- 95
Ptolemaeus, Claudius
Description
Folio (18 x 12 1/8 in.; 458 x 308 mm). 47 woodcut maps of which all but 2 are double-page, the final map of Lorraine printed in three colors, includes the variant map of Switzerland captioned "Tabula nova Heremi Helvetiorum," woodcut text diagrams, extensive contemporary marginalia in two hands; bottom portion of title renewed with 12 lines on verso supplied in excellent penwork facsimile, first two leaves a bit shorter at fore-edge, mostly marginal worming and minor tears in first few leaves repaired, occasional small spots on maps, mended wormholes and marginal tears on maps sometimes touching borders, repaired tears affecting image in 3 maps (Italy, Switzerland & upper Rhineland), lower blank portion of last leaf renewed, lacking final blank leaf. Contemporary blind-tooled calf, clasps and catches; rebacked, endpapers renewed, some repaired scuffmarks and worming. Brown cloth drop box.
Provenance
Pierre S. Dupont III (his sale, Christie's NY, 8 October 1991, lot 214)
Literature
Phillips, Atlases 359; Sabin 66478; Shirley 34; The World Encompassed 56
Catalogue Note
The first modern atlas and one of the most important editions of Ptolemy with many new regional maps.

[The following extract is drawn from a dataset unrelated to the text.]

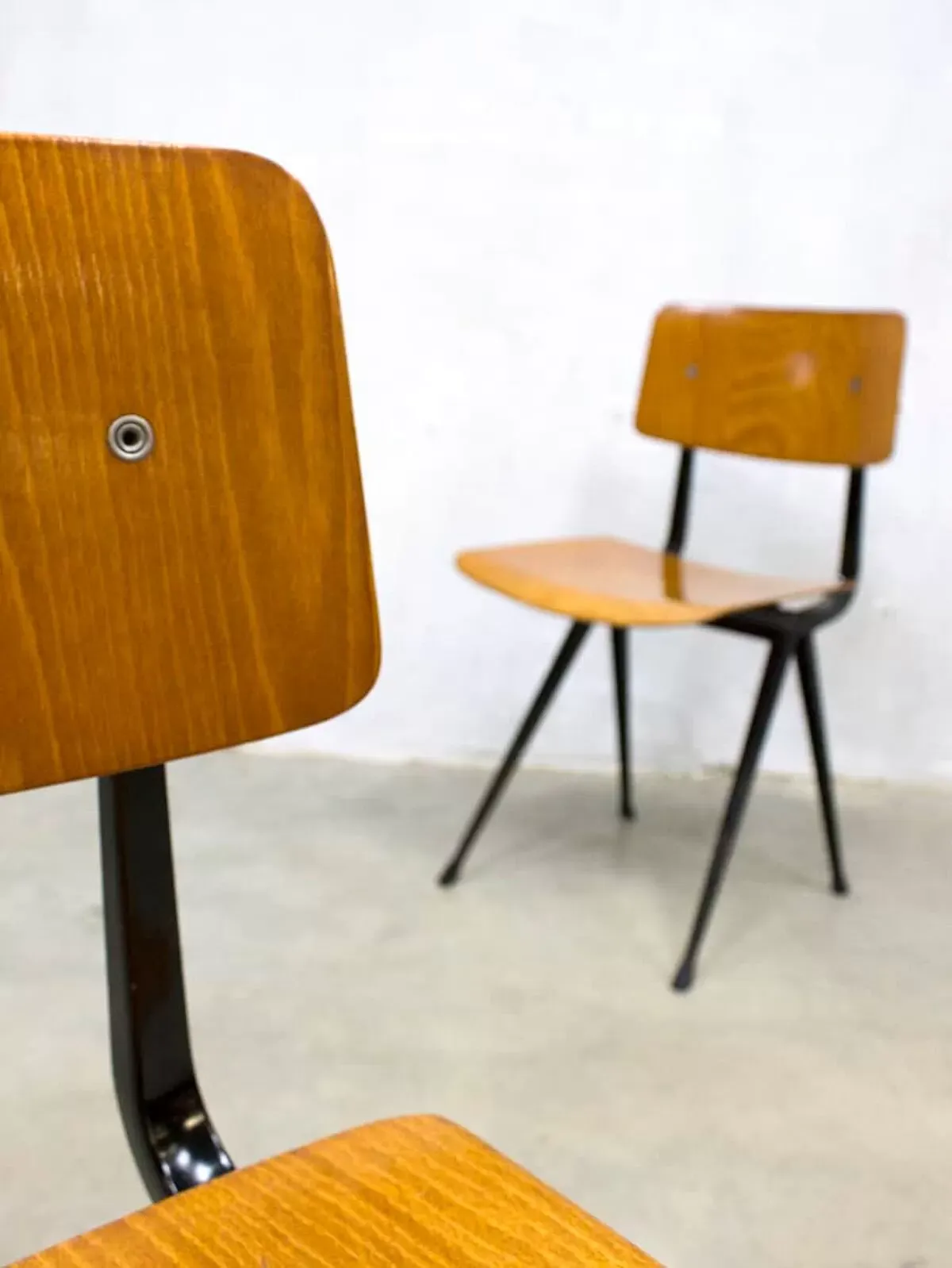 Illustration numéro 4 du produit Chaises d'école industrielle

The atlas was prepared by Martin Waldseemüller, the most famous of all early sixteenth-century cosmographers and his associate Mathias Ringmann, to be completed by Jacobus Eszler and Georg Ubelin. In addition to the traditional body of twenty-seven Ptolemaic maps, derived from the 1482 Ulm edition, the atlas contains twenty new maps based on contemporary knowledge. Among these is the first map in an atlas entirely devoted to America (Tabula terre nove), often called the "Admiral's map" after Columbus. The map of Lorraine, printed in red, black and olive, is one of the earliest examples of color printing.